Top of Data excerpts

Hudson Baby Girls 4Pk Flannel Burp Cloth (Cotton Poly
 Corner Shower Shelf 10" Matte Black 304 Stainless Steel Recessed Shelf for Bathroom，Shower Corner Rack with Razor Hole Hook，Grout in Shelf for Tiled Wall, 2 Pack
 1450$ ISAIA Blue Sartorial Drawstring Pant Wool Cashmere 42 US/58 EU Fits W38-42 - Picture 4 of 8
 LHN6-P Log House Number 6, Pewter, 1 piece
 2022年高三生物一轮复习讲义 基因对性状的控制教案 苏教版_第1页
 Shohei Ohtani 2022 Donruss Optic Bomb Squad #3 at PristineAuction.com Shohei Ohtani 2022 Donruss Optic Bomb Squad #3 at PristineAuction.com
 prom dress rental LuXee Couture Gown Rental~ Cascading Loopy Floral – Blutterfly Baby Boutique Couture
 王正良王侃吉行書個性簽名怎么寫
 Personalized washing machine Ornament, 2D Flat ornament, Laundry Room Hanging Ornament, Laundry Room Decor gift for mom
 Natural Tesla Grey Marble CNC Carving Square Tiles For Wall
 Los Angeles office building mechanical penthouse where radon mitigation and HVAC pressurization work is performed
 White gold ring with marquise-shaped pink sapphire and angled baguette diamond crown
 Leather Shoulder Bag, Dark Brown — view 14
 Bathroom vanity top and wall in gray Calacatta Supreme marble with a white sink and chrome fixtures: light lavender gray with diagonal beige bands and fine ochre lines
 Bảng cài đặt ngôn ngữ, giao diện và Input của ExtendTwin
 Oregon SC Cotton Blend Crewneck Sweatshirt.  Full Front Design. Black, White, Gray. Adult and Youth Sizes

Bottom of Data excerpts

▸ What the task requires:
Only an exact copy of the lines from the beginning of the listing through the line with "Leather Shoulder Bag, Dark Brown — view 14", both included, belongs in the answer.

▸ Task response:
Hudson Baby Girls 4Pk Flannel Burp Cloth (Cotton Poly
 Corner Shower Shelf 10" Matte Black 304 Stainless Steel Recessed Shelf for Bathroom，Shower Corner Rack with Razor Hole Hook，Grout in Shelf for Tiled Wall, 2 Pack
 1450$ ISAIA Blue Sartorial Drawstring Pant Wool Cashmere 42 US/58 EU Fits W38-42 - Picture 4 of 8
 LHN6-P Log House Number 6, Pewter, 1 piece
 2022年高三生物一轮复习讲义 基因对性状的控制教案 苏教版_第1页
 Shohei Ohtani 2022 Donruss Optic Bomb Squad #3 at PristineAuction.com Shohei Ohtani 2022 Donruss Optic Bomb Squad #3 at PristineAuction.com
 prom dress rental LuXee Couture Gown Rental~ Cascading Loopy Floral – Blutterfly Baby Boutique Couture
 王正良王侃吉行書個性簽名怎么寫
 Personalized washing machine Ornament, 2D Flat ornament, Laundry Room Hanging Ornament, Laundry Room Decor gift for mom
 Natural Tesla Grey Marble CNC Carving Square Tiles For Wall
 Los Angeles office building mechanical penthouse where radon mitigation and HVAC pressurization work is performed
 White gold ring with marquise-shaped pink sapphire and angled baguette diamond crown
 Leather Shoulder Bag, Dark Brown — view 14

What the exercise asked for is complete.